Artist Rene Yañez at the the No Monster In the Mission rally at 16th St. Bart plaza on Saturday, Oct. 4. Photo Shane Menez

Protesters in the Mission District rallied on Oct. 4 to mark the one-year anniversary of the fight against a proposed market-rate development at the 16th Street BART plaza, an area where the Mission’s low-income and homeless have found sanctuary for many years. Activists and locals fear that the project at 1979 Mission Street threatens to displace the neighborhood’s historically working-class and minority residents.

“Because of the most vulnerable people that live in this area, we cannot allow this development to be approved by the planning department,” said Roberto Hernandez, founder of Our Mission No Eviction campaign and an organizer of Saturday’s rally.

The demonstration, called “No Monster In The Mission: Basta Ya!” and organized by members of the Plaza 16 Coalition, started at 2 p.m. at 24th and York streets with around 500 marchers. Led by the local youth drum corps Loco Bloco, the protesters marched across 24th Street, turned down Mission Street toward the plaza, and held a rally filled with speeches, live music and free food.
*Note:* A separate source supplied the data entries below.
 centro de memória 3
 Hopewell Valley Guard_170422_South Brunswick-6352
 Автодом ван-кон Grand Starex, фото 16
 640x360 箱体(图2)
In October of 2013, Maximus Real Estate Partners, LLC, announced plans to build a three-tower, 351-unit, high-end luxury condo development adjacent to the 16th Street BART plaza, and initiated the process to acquire approval from the planning department. In response, more than 50 community organizations have united under the loose banner of the Plaza 16 Coalition and have pledged to oppose the project.

“If it does get approved, then we will contest it and appeal it to the board of supervisors,” said Hernandez. “We believe that we have enough votes on the board to kill this project.”
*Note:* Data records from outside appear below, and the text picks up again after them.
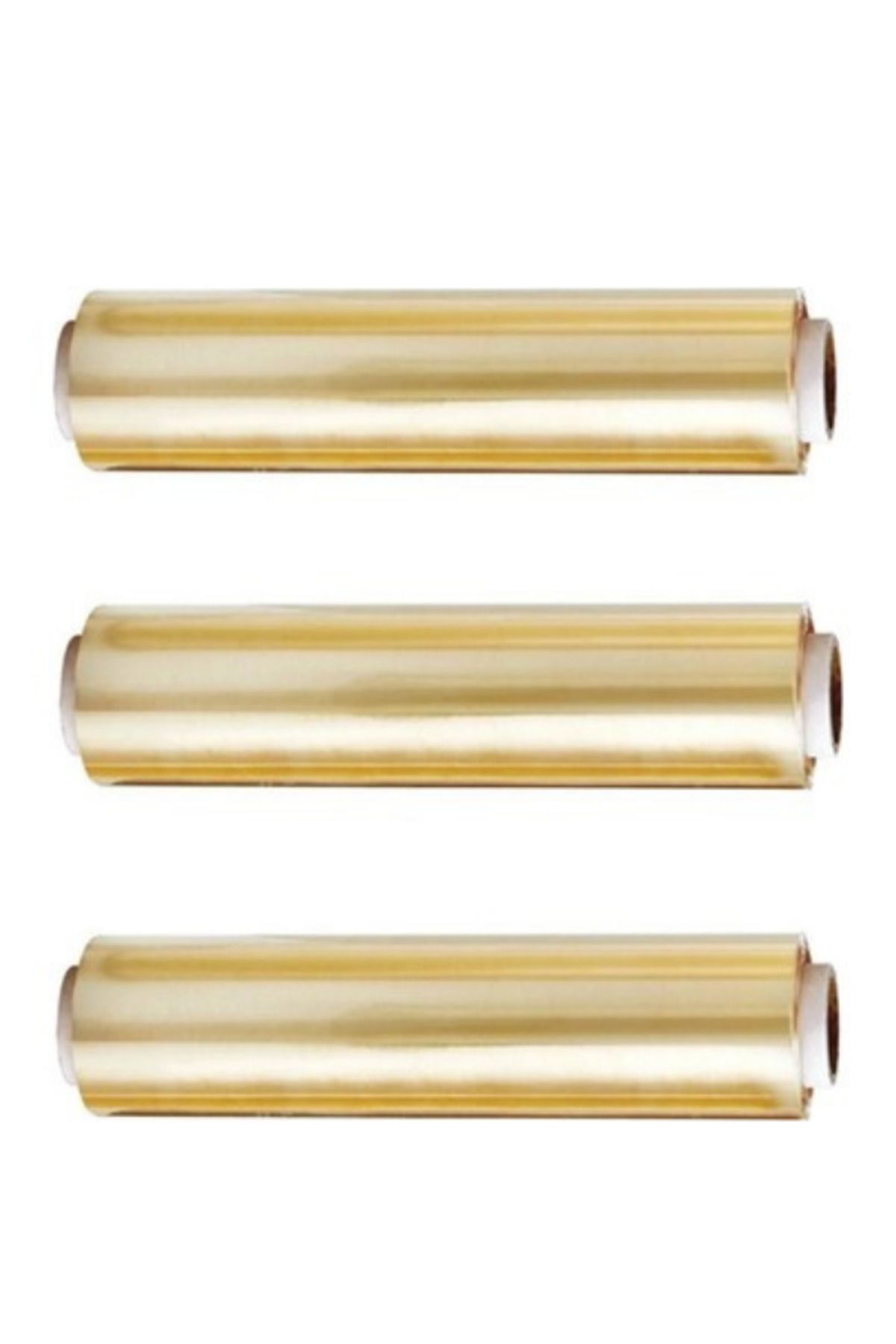 MEZ-PACK GIDA STRECİ 30X100 3 ADET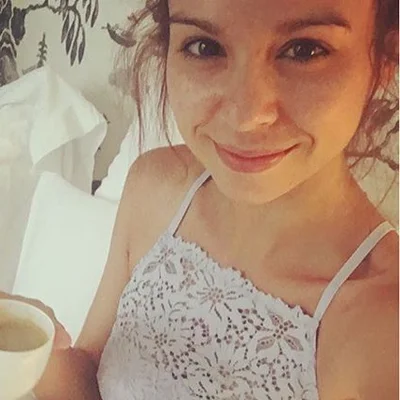 Kyla, Sydney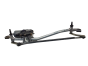 Mechanizmus Stěračů Volvo V40 31378574 3397021692
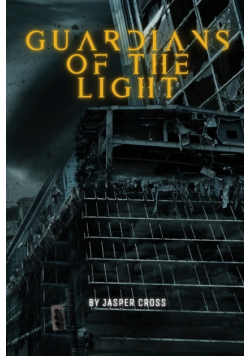 Guardians of the Light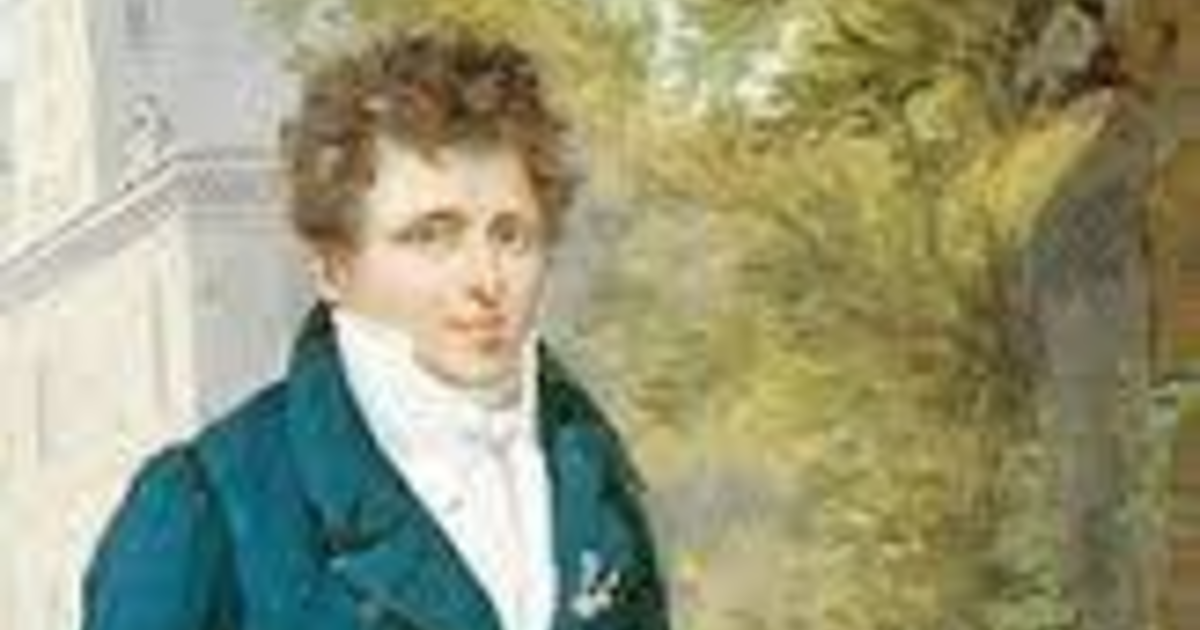 Is my fashion sense bad? GirlsAskGuys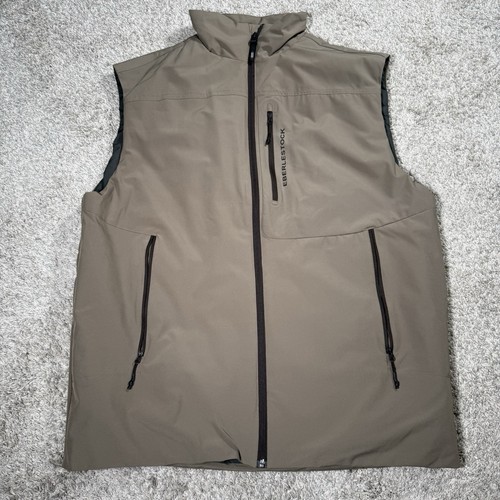 Eberlestock diamond peak - diamond, vest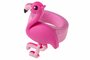 PARTIJ RING FLAMINGO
Others in the Mission, however, are not so certain.


“Many of us always had the dream that 16th Street could not be gentrified,” said Laura Guzman, director of the Mission Neighborhood Resource Center (MNRC), a homelessness advocacy organization located a few blocks from the plaza. “We always thought that they would not dare come to our neighborhood. We were wrong.”

Originally from Buenos Aires, Guzman has pursued legal aid and social justice work in the Mission for more than 20 years. For her, part of what makes the Mission unique is its diverse racial, ethnic and socioeconomic background, and in particular its deep Latino immigrant roots. But developments such as the Maximus project, she believes, pose a threat to the cultural identity that has existed in the Mission for decades.
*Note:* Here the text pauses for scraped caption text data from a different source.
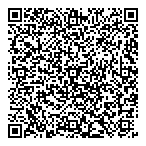 Centre De Benevolat QR Card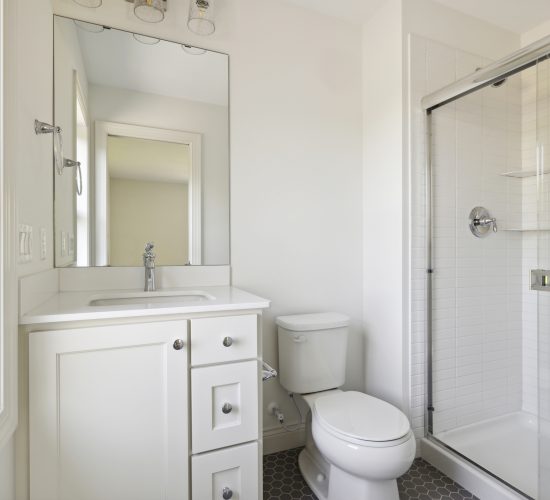 Gonyea Riverview 063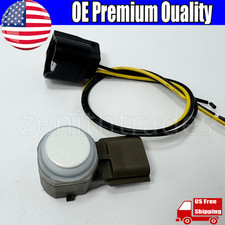 For Nissan Altima 19 20 21 22 23 24 25 Parkin...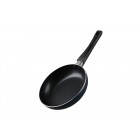 ARDESTO Gemini Gourmet[Mini AR1916MG]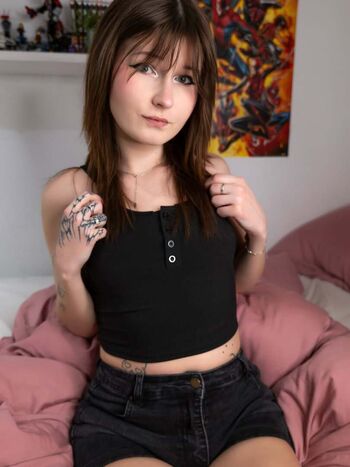 Full leaked Of laceylee/ private onlyfans photo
“The Mission is a neighborhood of refuge for immigrants,” she said. “Whether they’re documented or not, they feel safe in the Mission. With this new upsurge of people that are clueless about our histories, the culture of Latino richness—the sabor that we love—is going to be gone.”

The Mission’s reputation as a welcoming space for low-income immigrant workers has also attracted a large homeless population. As director of the MNRC, Guzman keeps in close contact with the community of poor and homeless people that congregate daily in the 16th Street BART plaza. She worries that the 1979 development will worsen the situation for the homeless and drive many of them further down Mission Street.

“They’re going to be the most deeply impacted because they’re already impacted,” she said. “They don’t have any place to go, especially immigrants that came from Latin America and are still homeless. It’s going to increase their desperation and suffering.”

Guzman and her colleagues in the Mission suspect that the 1979 project will continue to intensify the police presence surrounding the plaza. Likewise, the homeless themselves have already begun to feel the effects of stricter police enforcement in the Mission.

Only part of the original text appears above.